Shrimp Soup for the Software Soul
by Vinayakam Murugan, Chief Everything Officer
This Thursday, our team stepped out for a well-earned dinner.
One of those evenings where laughter flowed freely, plates piled high with meat were passed around, and I-the lone non-meat crusader-scanned the menu for that solitary green leaf symbol. I found comfort in a warm bowl of vegetable soup and, with a touch of friendly coercion, convinced Ajay to share it with me.
The soups arrived. We did our due diligence and confirmed mine was the non-meat one.
Green tick.

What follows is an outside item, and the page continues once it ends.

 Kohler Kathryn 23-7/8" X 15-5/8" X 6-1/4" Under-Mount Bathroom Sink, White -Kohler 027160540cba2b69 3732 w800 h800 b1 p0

Spoon in.
Halfway through, I bit into something that didn’t quite belong. It was too crispy. Too suspicious. I paused, squinted, and poked at it like an amateur archaeologist unearthing a tiny fossil.
And there it was: shrimp.
Sitting smugly in my soup like it had RSVP’d without checking the guest list.

In that moment, I was instantly reminded of an old incident. Same discomfort, different context-this time from the world of software.
A few years ago, we were working on a seemingly harmless cosmetic update to a product page in an e-commerce application. A layout tweak. Nothing backend, nothing functional, just UI touch-up. Low risk.
Or so we believed.
Unfortunately, that tiny tweak came with a hidden sting. The wrong SKU started getting passed during checkout. No errors, no alerts-just silent chaos for a good 3 to 6 hours. Customers received incorrect products before we caught it.

The client? Calm, focused, professional. Instead of finger-pointing, they zeroed in on: What’s broken? How do we fix it? What checks can we add?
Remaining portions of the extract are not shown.